Scott Morrison

For anyone looking for a sign that the Turnbull government, and the man charged with leading its economic agenda, Treasurer Scott Morrison, is doing some reflection in the wake of its political near-death experience, the return of Pauline Hanson, the surge of NXT, Brexit and the rise and rise of Trumpism, Morrison’s latest comments are rather alarming.

“We need to double down on trade, investment and innovation, ‘entrepreneurialism’, on the ways we collaborate to improve the financial architecture and share data to facilitate the new digital economies,” Morrison told the Financial Review’s Jacob Greber. Along the way, he dismissed further monetary and fiscal stimulus for sluggish economies (fiscal stimulus is just borrowing from future generations), and also dismissed policymakers talking about greater equality and inclusion, preferring to talk instead about “participation”.

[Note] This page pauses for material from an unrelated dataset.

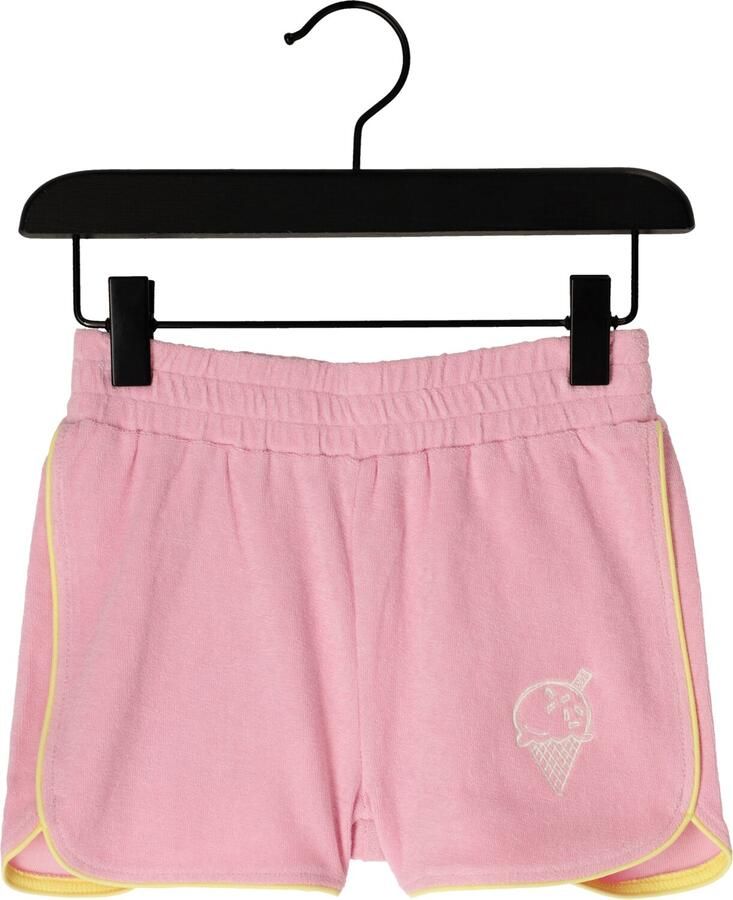 SPROET & SPROUT Jongens Broeken Terry Sport Shorts Roze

The first thing to note is that this is some weapons-grade bullshit from the Treasurer. His government — both the Abbott and Turnbull versions — is pumping tens of billions of dollars of fiscal stimulus onto the Australian economy via deficit spending, which has blown out dramatically on its watch. Morrison this year is still spending almost 1.5 percentage points of GDP more than Labor was spending in its final year. That deficit spending — which, every budget, gets extended another year — has been coupled with an extended period of historically low interest rates from the Reserve Bank. Morrison’s statement that “monetary policy and fiscal policy don’t provide a sustainable path for medium to long-term growth” appears to contradict his own economic plan, which is to continue deficit spending into the 2020s.

As for “investment and innovation, ‘entrepreneurialism'”, this government’s primary investment and innovation plan is to blow tens of billions of taxpayer dollars on keeping less than 3000 jobs going building naval vessels locally in a naked display of good old-fashioned protectionism — while propping up local steelmakers with loans and anti-dumping measures. That’s while actually reducing infrastructure spending and trashing the NBN. And that’s on top of National Party-inspired measures that, as the Productivity Commission explained last week, actually reduce foreign investment in agriculture.

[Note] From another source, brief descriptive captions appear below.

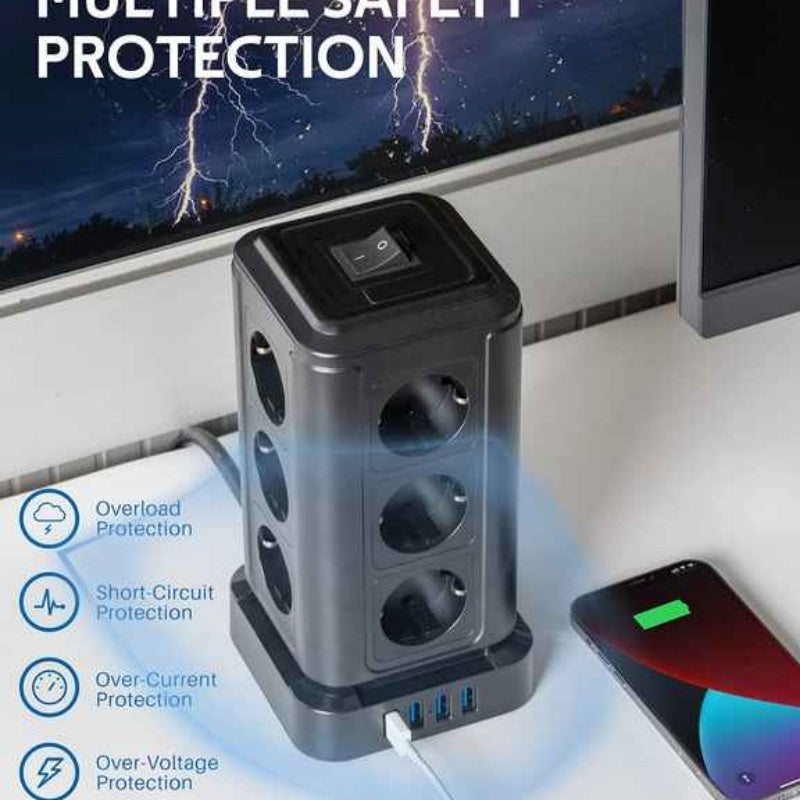 Socket, Black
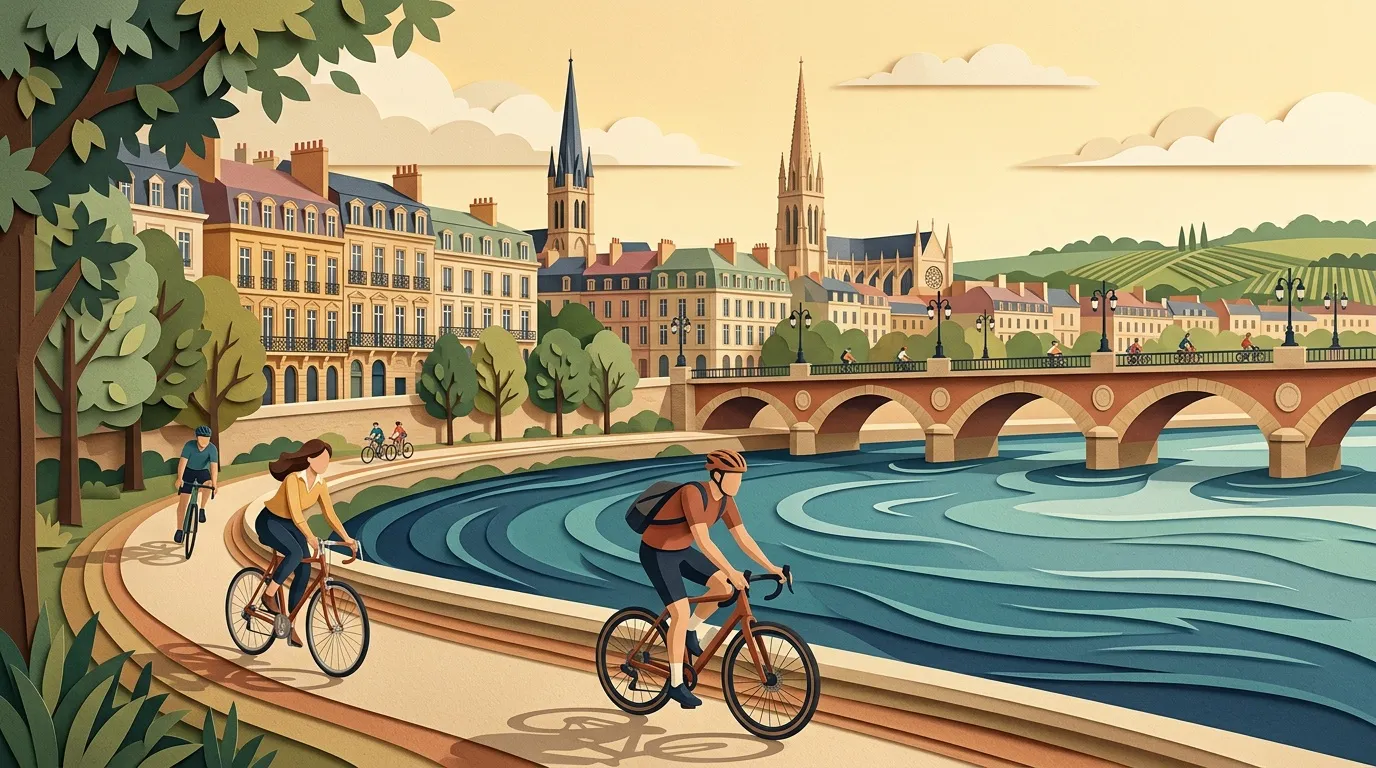 Balade vélo Bordeaux : nos meilleurs itinéraires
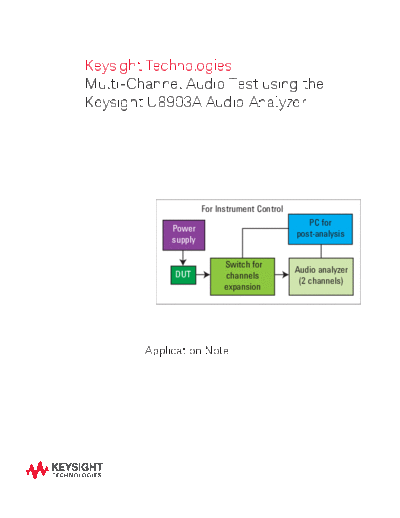 Agilent 5991-3278EN Multi-Channel Audio Test using the Keysight U8903A Audio Analyzer - Application Note c20  Agilent 5991-3278EN Multi-Channel Audio Test using the Keysight U8903A Audio Analyzer - Application Note c20140916 [7].pdf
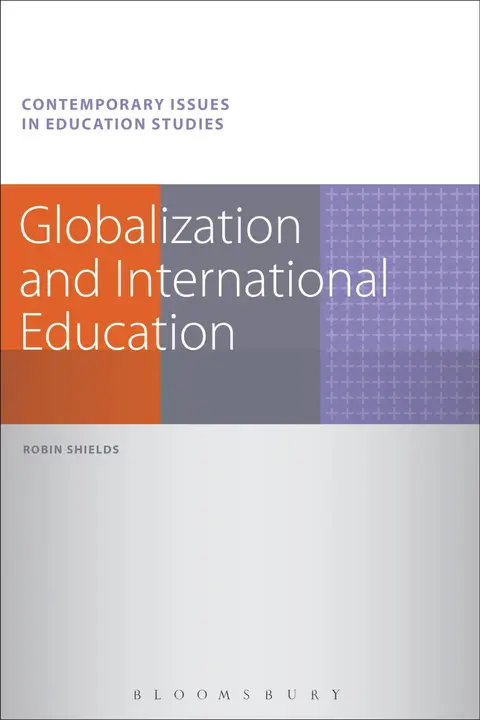 Cover of Globalization and International Education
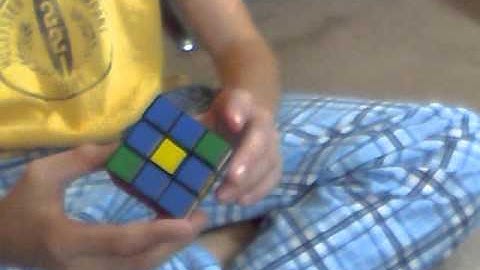 3x3 Puzzle Cube Patterns (Part 7)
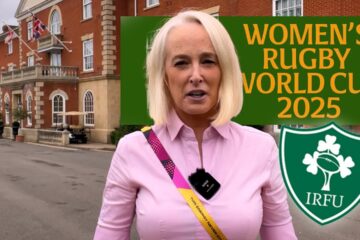 Ireland settle into Northampton base ahead of start of Women’s Rugby World Cup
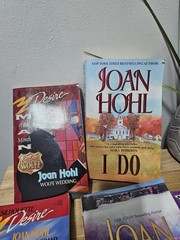 Lot Of 8 Joan Hohl Paperback Books TITLES SEEN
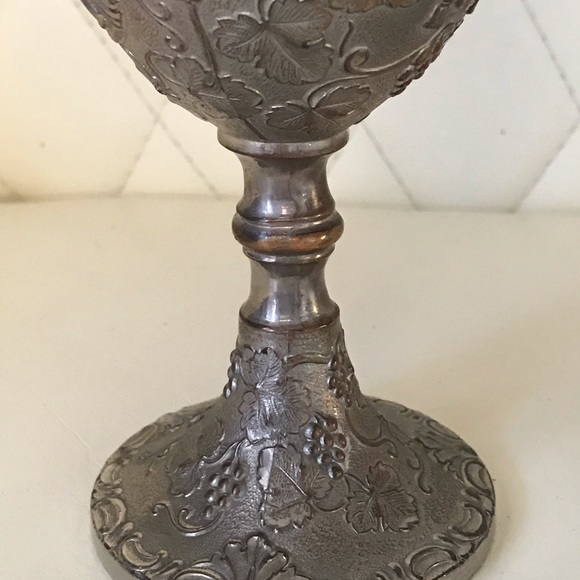 Goblets set of 2 silver plate CORBELL & CO. - Picture 8 of 8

But leave aside the inconsistency and Morrison’s words are troubling from another perspective. It’s true that Australia, where liberal economics have been implemented more successfully than other counties (primarily because it was driven by Labor, which was acutely aware of retaining the support of traditional Labor voters while doing so), faces a less immediate threat from populism than the UK and the United States. But it is nonetheless gathering momentum in the success of NXT and One Nation, who now join Bob Katter as parliamentary advocates of a dramatic reversal of economic direction. The bizarre response of some on the Right (like Nick Cater) is to propose accommodation of the bigoted posturing of Hanson and co in the hope they’ll support further economic deregulation, the very thing that has helped created a sub-class of bitter, Hanson-supporting old men angry about their loss of socio-economic status.

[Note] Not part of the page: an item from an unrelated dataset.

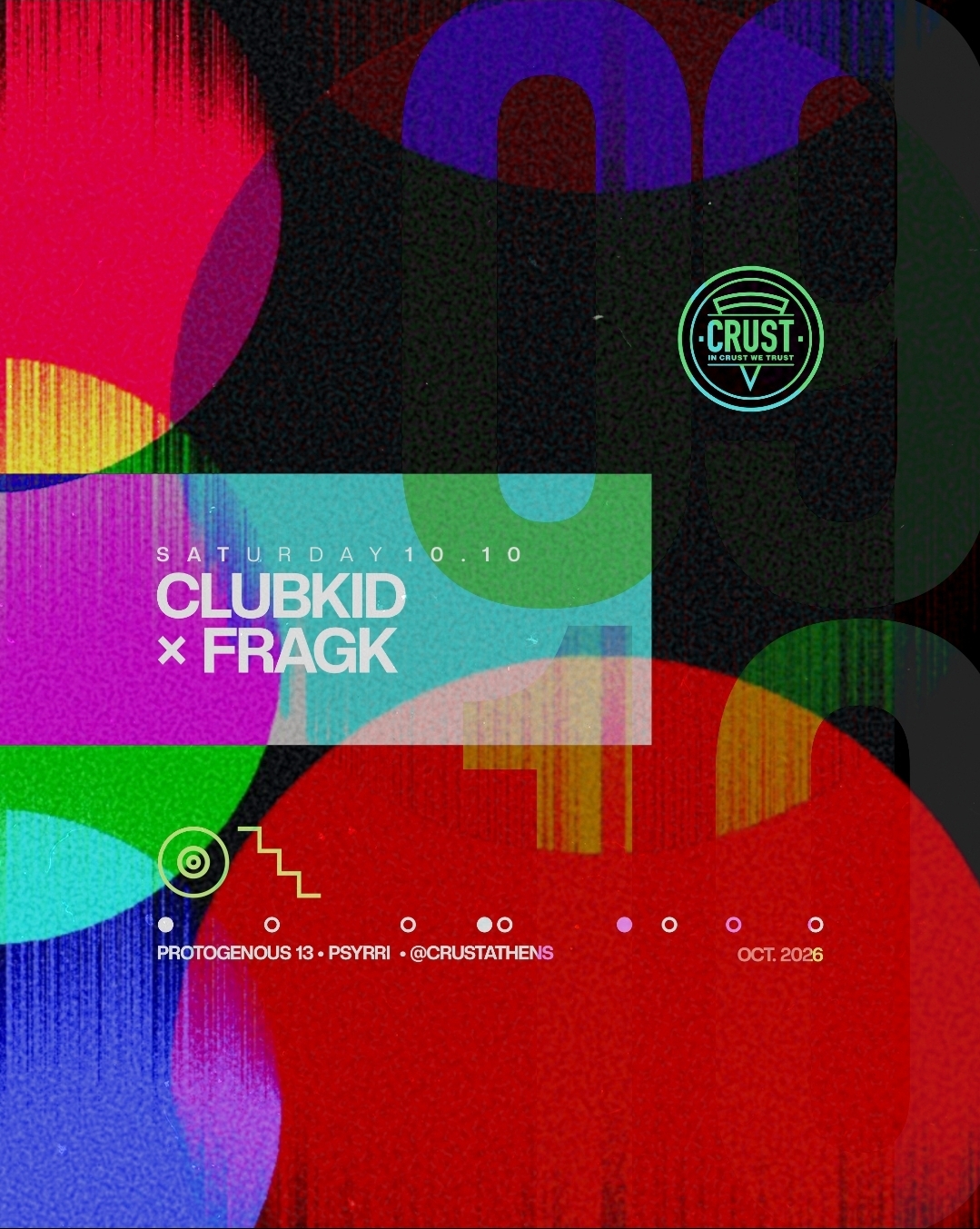 ClubKid x FRAGK at CRUST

In this context, Morrison’s suggestion that we merely “double down” on globalisation suggests a profound disengagement from the political challenge posed by the resurgence of economic populism. The big challenge facing economically liberal policymakers — whether in Labor or the Liberal Party — is merely to hang on to what we have and prevent the erosion of free markets and limited government intervention. “Doubling down” is a fantasy for a world in which the Liberals just won government by a landslide, don’t need the Nationals, and Hanson, Xenophon and Katter aren’t in parliament.

Morrison’s own personal challenge is to start convincing voters that a retreat into protectionism will lead to a loss of income in the future, through poorer growth, lower employment and less investment. Playing ideological games about refusing to say “equality” because “participation” fits the neoliberal playbook more neatly plays directly into the populists’ hands — a huge driver of populism is the perception that the wealthy, and large companies, do far better out of liberal economics than ordinary people do. And that’s a problem the government and business cheerleaders like the Business Council and the Australian Chamber of Commerce and Industry are exacerbating by demanding corporate tax cuts so that the world’s largest corporations pay even less tax — often less tax than ordinary citizens.

The achievements of the last thirty years are under attack more now than at any stage in recent years. Both major parties have been infected with economic populism; those prepared to speak out against government interventionism and protectionism are becoming fewer and fewer. Morrison, like him or not, has the most important task in this battle, and at the moment he doesn’t even appear to realise he’s in one.